*Work item*.
Everything from the line containing "2012 Dodge Grand" through the line containing "Habitación de tatami" should be repeated exactly, and nothing else from the data.

*Source material*.
========

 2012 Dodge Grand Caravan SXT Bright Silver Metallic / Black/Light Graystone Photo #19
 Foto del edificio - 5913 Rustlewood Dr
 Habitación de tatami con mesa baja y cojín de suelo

========

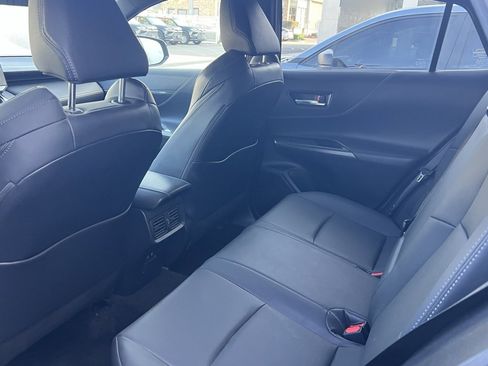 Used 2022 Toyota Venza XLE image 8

========

*Answer area*.
 2012 Dodge Grand Caravan SXT Bright Silver Metallic / Black/Light Graystone Photo #19
 Foto del edificio - 5913 Rustlewood Dr
 Habitación de tatami con mesa baja y cojín de suelo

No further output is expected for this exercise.